I was cleaning up the other day (an event triggered by my mother’s pending arrival) and the sunlight was slanting through the windows at a particularly merciless angle, one which cast every molecule of dust in silhouette – making it look ten times its actual size. In the midst of terror, I had this brilliant idea: there should be Dust Amnesty for some percentage of the population.

Dust Amnesty. No dust. Doesn’t that sound like heaven?

Maybe Dust Amnesty could be arranged for the busy people, or the creative people, or the people with allergies to dust. Maybe you would have to apply to the Dust Bureaucracy and have your application approved – even reviewed and renewed on a regular basis – to qualify for Dust Amnesty.

Think about it. No dust. No guilt. No facet of your house showing you up as a housekeeping-slacker. Nothing for anyone to run their finger through and grimace. (No chance to write your name on the furniture either.) It’s not an idea to sneeze at (hahaha).

There wouldn’t be much industry cost or loss – don’t most people dust with flannel rags?

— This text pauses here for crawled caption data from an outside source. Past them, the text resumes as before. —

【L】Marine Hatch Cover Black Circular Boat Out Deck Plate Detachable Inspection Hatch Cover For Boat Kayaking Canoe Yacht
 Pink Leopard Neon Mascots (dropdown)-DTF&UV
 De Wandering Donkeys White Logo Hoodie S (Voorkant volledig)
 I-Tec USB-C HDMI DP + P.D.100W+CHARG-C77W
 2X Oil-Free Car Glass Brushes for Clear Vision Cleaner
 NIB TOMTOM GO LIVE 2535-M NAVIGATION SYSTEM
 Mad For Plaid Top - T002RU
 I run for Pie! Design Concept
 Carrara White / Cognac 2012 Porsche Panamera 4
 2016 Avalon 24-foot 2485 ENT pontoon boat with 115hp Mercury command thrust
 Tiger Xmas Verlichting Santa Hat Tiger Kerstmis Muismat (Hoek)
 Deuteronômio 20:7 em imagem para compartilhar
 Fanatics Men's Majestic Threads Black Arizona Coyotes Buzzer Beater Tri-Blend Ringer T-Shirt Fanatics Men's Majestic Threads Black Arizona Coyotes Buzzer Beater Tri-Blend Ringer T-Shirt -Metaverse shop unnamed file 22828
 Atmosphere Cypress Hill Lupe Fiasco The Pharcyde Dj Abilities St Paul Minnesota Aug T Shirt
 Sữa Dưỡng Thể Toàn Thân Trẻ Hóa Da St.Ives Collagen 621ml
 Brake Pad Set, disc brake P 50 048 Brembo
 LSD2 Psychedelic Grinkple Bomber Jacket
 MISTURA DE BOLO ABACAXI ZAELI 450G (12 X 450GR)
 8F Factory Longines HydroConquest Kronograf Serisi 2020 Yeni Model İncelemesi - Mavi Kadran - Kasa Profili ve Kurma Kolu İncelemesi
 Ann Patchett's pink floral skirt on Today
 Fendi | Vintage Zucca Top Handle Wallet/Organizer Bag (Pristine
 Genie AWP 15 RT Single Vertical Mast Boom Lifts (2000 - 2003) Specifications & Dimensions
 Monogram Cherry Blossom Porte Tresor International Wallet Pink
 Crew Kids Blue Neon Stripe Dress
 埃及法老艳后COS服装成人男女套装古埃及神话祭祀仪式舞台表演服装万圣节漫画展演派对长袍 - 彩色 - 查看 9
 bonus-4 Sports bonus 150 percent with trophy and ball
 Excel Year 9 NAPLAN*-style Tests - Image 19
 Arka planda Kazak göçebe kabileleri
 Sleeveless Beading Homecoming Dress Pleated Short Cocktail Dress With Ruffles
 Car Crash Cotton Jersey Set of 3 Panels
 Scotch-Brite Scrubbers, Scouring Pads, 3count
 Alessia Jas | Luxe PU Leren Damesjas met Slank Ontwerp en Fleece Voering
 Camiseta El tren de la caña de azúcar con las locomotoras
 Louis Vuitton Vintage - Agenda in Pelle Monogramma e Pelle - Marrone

Swiffer could have a hard time, but I’d think that anyone with a Swiffer is sufficiently committed to it that they’d keep Swiffing anyway – just in case their Dust Amnesty was arbitrarily revoked. Besides, there’s still be pet hair and pollen and other small airborne troublemakers to be cleaned up. Furniture would still need to be polished to keep the wood gleaming and windows would still need to be cleaned to keep them shiny. I doubt that the cleaning products industry would notice must of a dent if, say, 10% of the population used one less disposable vacuum cleaner bag a year.

I like this idea. I like it a lot. I liked it enough that I ignored the dirty truths that the sunlight was showing me, made a cup of tea and sat down in that beam of sunlight to think about it. (The bonus of sitting in a sunbeam is that it tempts you to close your eyes – out of sight, out of mind – bask and/or doze.) I could live a happy life without dust, I’m quite sure of it.

So, in the interests of research for all of us, I volunteer to be the first recipient of Dust Amnesty.

How about you? Are you a cleaning machine, or do you need a Dust Amnesty application as well?